Thanks for the help.

Regards,
Steven

I will get pics of my boston terrier up soon!


----------



## Bellasmom (Aug 14, 2008)

First has he had a fecal run at the vets? If not I would have one done right away to rule out a parasite that might be causing it.

If that comes back neg. talk with your vet. If that doesnt work we will help you brain storm. 

I would love to see pics of your Boston Terrier. My little one is 1/2 Boston Terrier.


----------



## MeganFex (Sep 27, 2008)

It could be the food. When I first got my puppy, she was being fed bad food and she had really runny poop. Then we switched her food and now her stool is a lot better.


----------



## rosemaryninja (Sep 28, 2007)

You need to bring your dog to the vet. Even if there's nothing wrong with him, every puppy should be given a full check-up within three days of its arrival to the home, in order to rule out issues like parasites, and to set up appointments for things like shots, microchipping and so on.


----------



## Patt (Feb 12, 2008)

rosemaryninja said:


> You need to bring your dog to the vet.
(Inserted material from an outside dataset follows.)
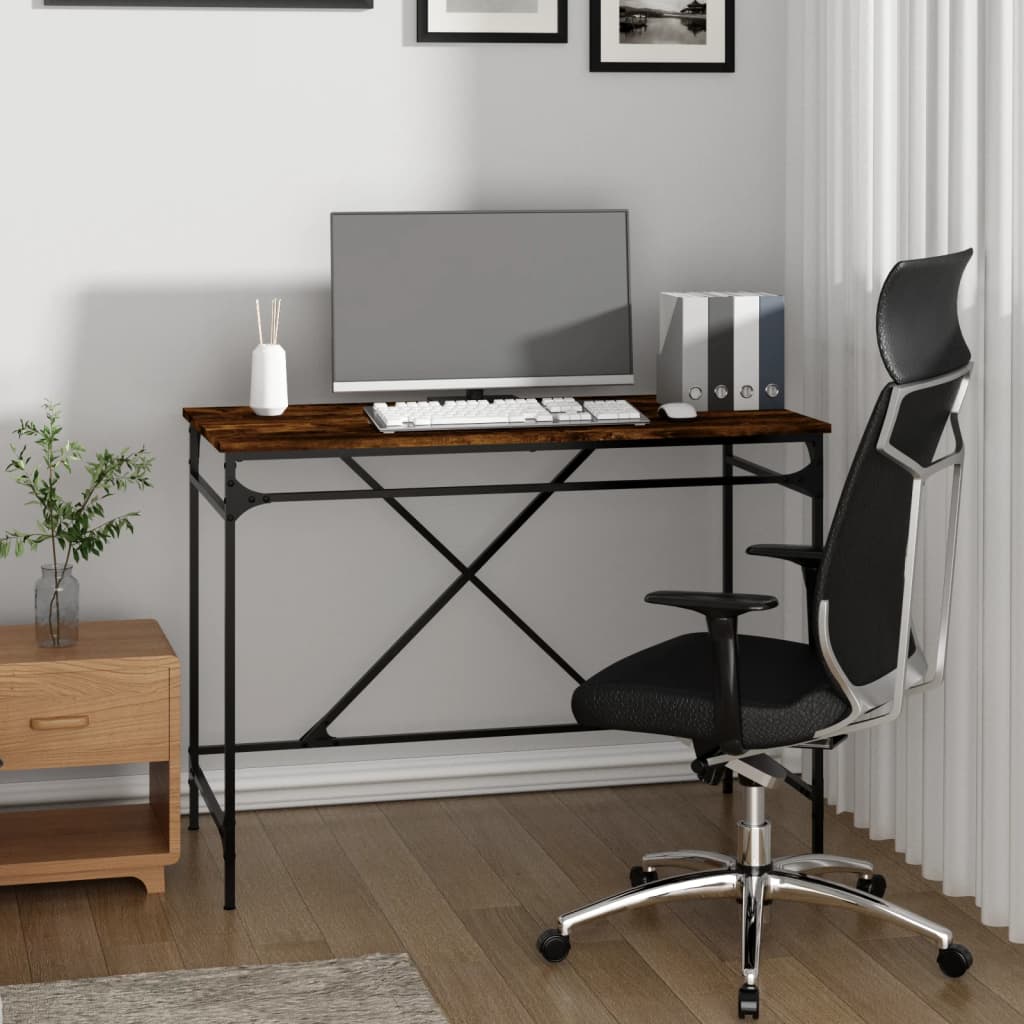 Scrivania Nera 100X50X75 Cm In Legno Multistrato E Ferro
Even if there's nothing wrong with him, every puppy should be given a full check-up within three days of its arrival to the home, in order to rule out issues like parasites, and to set up appointments for things like shots, microchipping and so on.


Ditto!!!

I mentioned this in your free feed food thread. It is very important for him to have a full check up ASAP. He probably has worms possibly Giardia and if so needs treatment.


----------



## MoonStr80 (Oct 9, 2006)

Get fecal checked
Buy canned pumpkin (no spice, no pie filling)
Add slippery elm bark

I wish you luck


----------



## Line-of-Fire (Aug 2, 2008)

Also, if you're feeding too much, this can cause it. Feeding too much makes a dogs tummy upset and would therefore give them runny poop. 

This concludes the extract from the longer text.